One by one the victims fell, and the pool of remaining sitting ducks diminished. This, of course, meant the tension increased. It would almost have been a relief to be called on, to get it over with, and to stop feeling like you were on death row, waiting for that inevitable walk down the green mile.

For a year I wallowed in anxiety, forsaking* Thursday nights, my favorite night of the week, in the interest of attempting to at least be able to speak when I was on call. I must have aged fifteen years last year, and now await an even more imminent death.

AND I WAS NEVER CALLED ON. The year came and went and I was one of about a dozen who were spared. All the anxiety, all the hours spent preparing, they were all for naught. Sure, I learned my property, but my God. I felt gypped. I felt bamboozled. I felt like I got cheated out of the opportunity to make a stammering ass of myself in front of the entire class.

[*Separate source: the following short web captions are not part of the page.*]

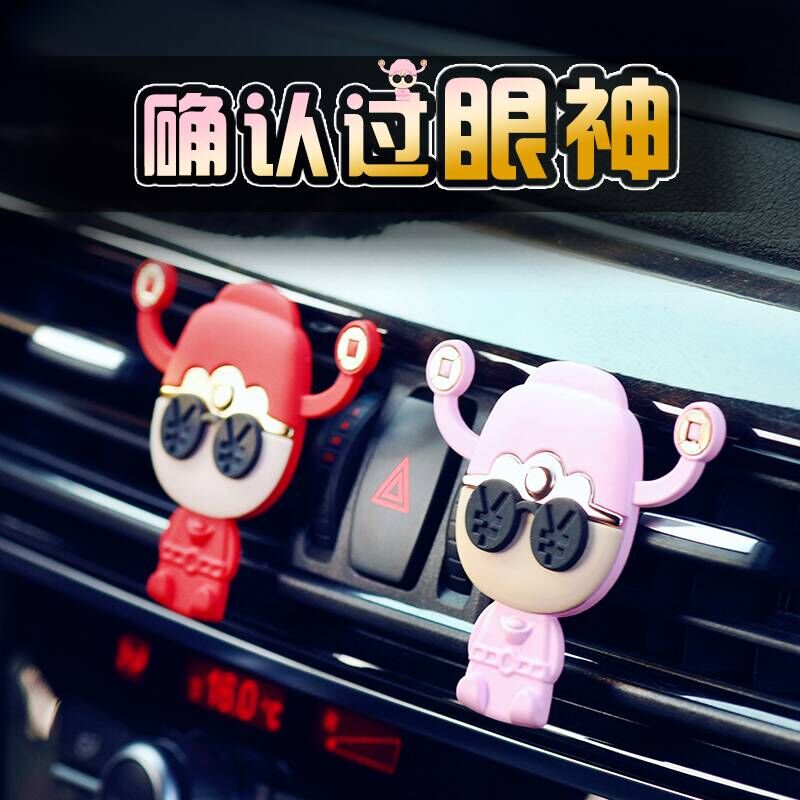 Chaeity Car Perfume Car Air Outlet Fragrant Balm Air Conditioning Creative Aroma Persistent Faint Scent Car Ornament Pendulum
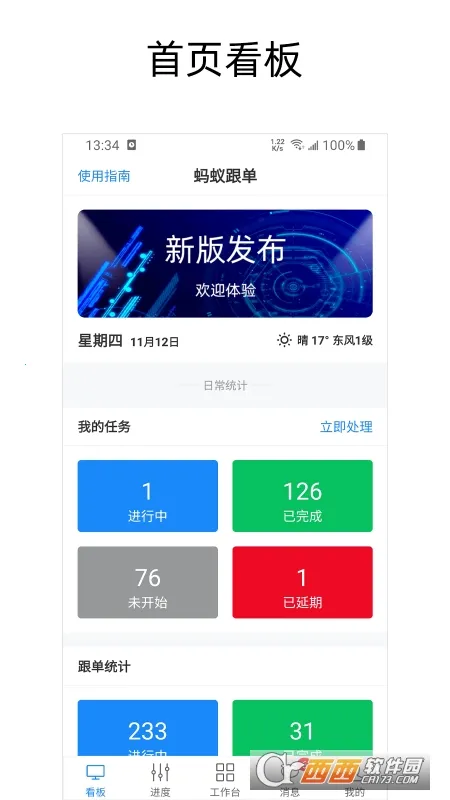 ���ϸ���(������������)v2.32.58 ��Ѱ��ͼ3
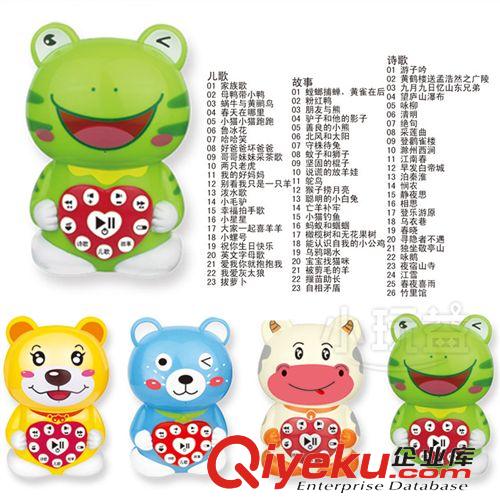 【2015年1月新品】 兒童動物早教學習機玩具 嬰幼兒益智啟蒙故事機BS603 廠家批發原始圖片2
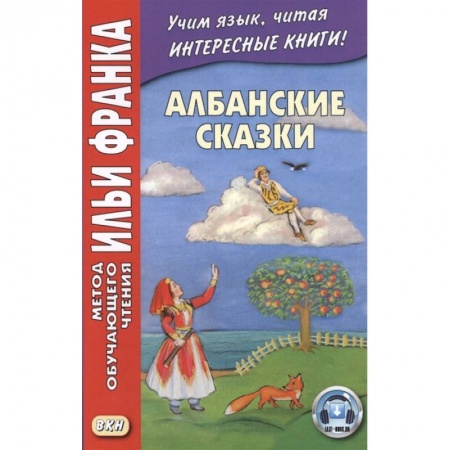 Другие языки, книга Албанские сказки = Peralla shqiptare заказать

That last statement is only mildly facetious. I feel like being Ryckmaned is a rite of passage here at BU, and I was unfortunate enough not to be a part of that. It's like being the one guy at boot camp who doesn't get yelled at, at the frat house who doesn't get hazed, or at the shady group who does not get initiated. I'm not asking to be kicked just for, um, kicks. But there's a reason groups do these activities, to create a bond, a common experience from which everyone can draw on to remember what makes them a group in the first place.